Hong Kong dim sum — Photo courtesy of lookslikeamy
With over 11,000 restaurants in this small special administrative region, one thing is for sure: Hong Kong is a food-obsessed city. Visitors eager to experience local flavor should seek out these authentic, popular food items.
1. Fish balls: Easily recognizable as balls on a stick, fish balls are one of the most popular street foods. They're usually made with the less desirable parts of the fish (don't let this deter you) and yellow in color, because they're fried or made with curry.
2. Egg tarts and milk tea: Egg tarts have a pastry shell with egg filling baked inside. Some are bite-sized while others take several nibbles. This popular dessert is extremely well-loved with a cup of milk tea in the afternoon or after a dim sum meal. Once a British colony, Hong Kong adopted the afternoon tea tradition; however, Chinese milk tea is a combination of black tea and evaporated or condensed milk. Tea leaves are completely filtered out by a sackcloth bag, leaving behind a creamy texture and sweet flavor.
3. Egg waffles: Usually served warm by street hawkers, this snack contains eggs and is in the shape of little eggs bound together by a sheet of cooked batter. The flavor is sweeter than a traditional waffle and the texture is crisp on the outside, chewy on the inside. It's been a favorite since the 1950s and frequently voted a favorite street food.
Under Bridge Spicy Crab — Photo courtesy of Mark Five
4. Typhoon shelter crab: Locals flock to Under Bridge Spicy Crab for typhoon shelter crab, a dish believed to have originated in the typhoon shelters that harbor fishing boats from these blustery storms. This crab is simmered in spices and oil, and topped with heaps of cooked fresh onions, garlic and spices. It's not for the faint-hearted.
5. Roast goose: Yung Kee in Central is famous for roast goose, said to be so popular that visitors fly it home in travel-safe packaging. Geese (minus the feathers) are roasted in a charcoal burning oven at high heat so that the skin is crispy and meat tender. It's typically sliced and enjoyed with plum sauce.
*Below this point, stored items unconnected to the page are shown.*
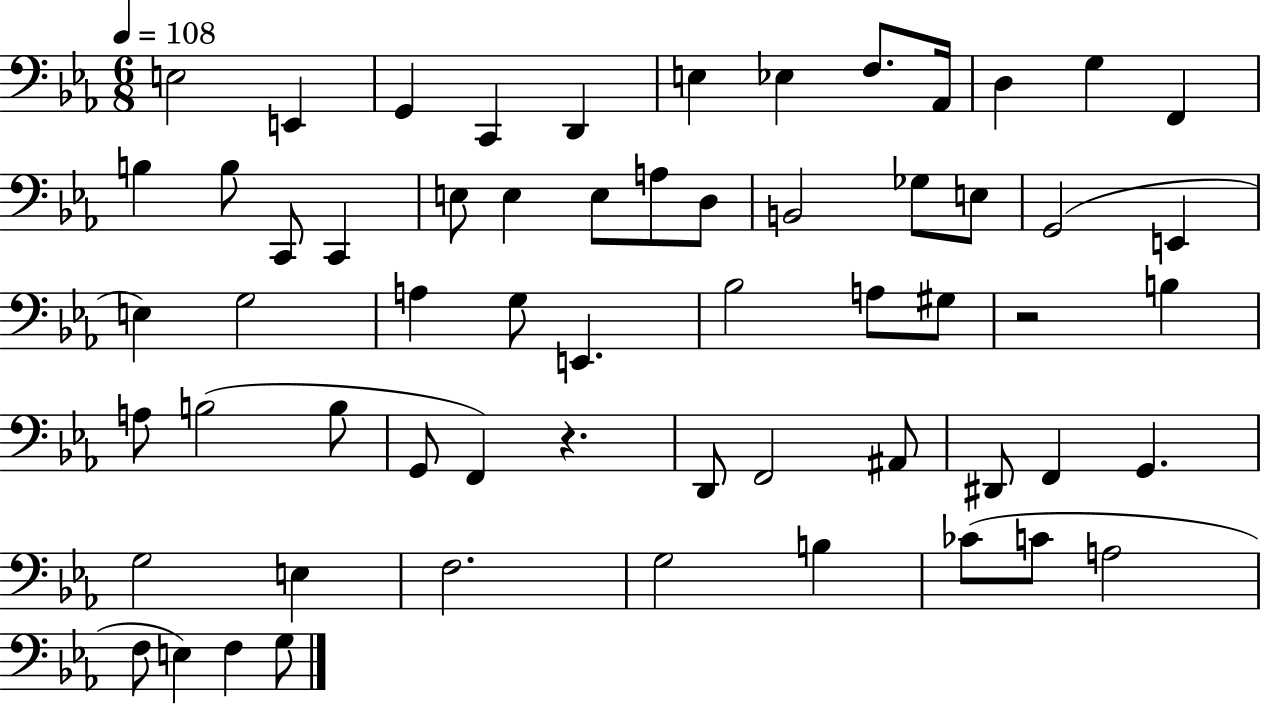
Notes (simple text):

E3/h E2/q G2/q C2/q D2/q E3/q Eb3/q F3/e. Ab2/s D3/q G3/q F2/q B3/q B3/e C2/e C2/q E3/e E3/q E3/e A3/e D3/e B2/h Gb3/e E3/e G2/h E2/q E3/q G3/h A3/q G3/e E2/q. Bb3/h A3/e G#3/e R/h B3/q A3/e B3/h B3/e G2/e F2/q R/q. D2/e F2/h A#2/e D#2/e F2/q G2/q. G3/h E3/q F3/h. G3/h B3/q CES4/e C4/e A3/h F3/e E3/q F3/q G3/e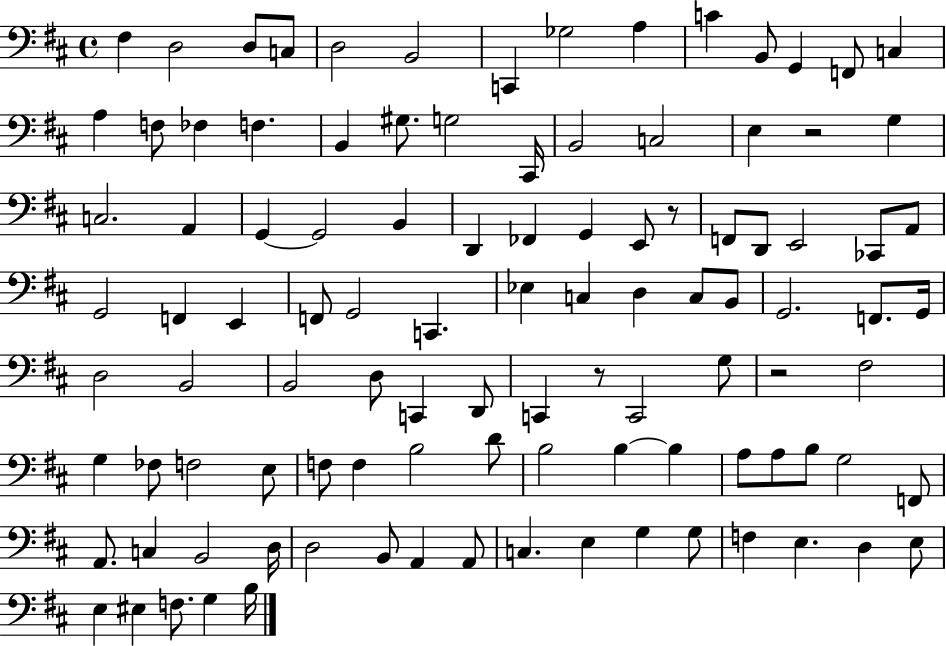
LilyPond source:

{
  \clef bass
  \time 4/4
  \defaultTimeSignature
  \key d \major
  \repeat volta 2 { fis4 d2 d8 c8 | d2 b,2 | c,4 ges2 a4 | c'4 b,8 g,4 f,8 c4 | \break a4 f8 fes4 f4. | b,4 gis8. g2 cis,16 | b,2 c2 | e4 r2 g4 | \break c2. a,4 | g,4~~ g,2 b,4 | d,4 fes,4 g,4 e,8 r8 | f,8 d,8 e,2 ces,8 a,8 | \break g,2 f,4 e,4 | f,8 g,2 c,4. | ees4 c4 d4 c8 b,8 | g,2. f,8. g,16 | \break d2 b,2 | b,2 d8 c,4 d,8 | c,4 r8 c,2 g8 | r2 fis2 | \break g4 fes8 f2 e8 | f8 f4 b2 d'8 | b2 b4~~ b4 | a8 a8 b8 g2 f,8 | \break a,8. c4 b,2 d16 | d2 b,8 a,4 a,8 | c4. e4 g4 g8 | f4 e4. d4 e8 | \break e4 eis4 f8. g4 b16 | } \bar "|."
}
Mooncakes — Photo courtesy of Visual Density
6. Mooncakes: Whether you love or loathe them, mooncakes are purchased and gifted during the Mid-Autumn Festival. Take a salted duck egg, surround it with bean paste, then an embossed crust, and you've got yourself a delicacy. Non-traditional versions include ice cream, meat or vegetable fillings. They are so difficult to make that most buy them in bakeries such as Maxims, Kee Wah, or Wing Wah.
7. Dim sum: A visit to Hong Kong is incomplete without a proper dim sum meal. Dim sum, a meal or snack of individual food portions usually served in small steamer baskets, can and should be enjoyed all day long.
8. Hong Kong-style french toast: Butter lovers rejoice! Take a small stack of bread (at least two pieces), layer peanut butter, butter or jelly between slices and deep fry it. Lay a slab of butter on the top along with honey or syrup for a sweet, savory, crispy, moist treat.
Century egg and pork congee — Photo courtesy of avlxyz
9. Noodles and congee: One of the only meals that can be enjoyed in Hong Kong 24 hours a day is very much a comfort food. Congee is a slow-cooked rice porridge, with meat and seasonings that can be added in. Noodles in soup and congee are both stand-alone meals often served in tandem at restaurants such as Sun Kau Kee Noodle or Sang Kee Congee Shop.
10. Barbecued pork: Long strips of seasoned pork are skewered with long forks and roasted over a fire. It's also known as char siu which means "fork burn" in Chinese. Barbecued pork can be served on its own, in noodle soup or in a dim sum bun called char siu bao, another local favorite.
The good news is that you'll undoubtedly be doing a lot of walking during your Hong Kong visit, leaving extra calories available to indulge in this glorious food.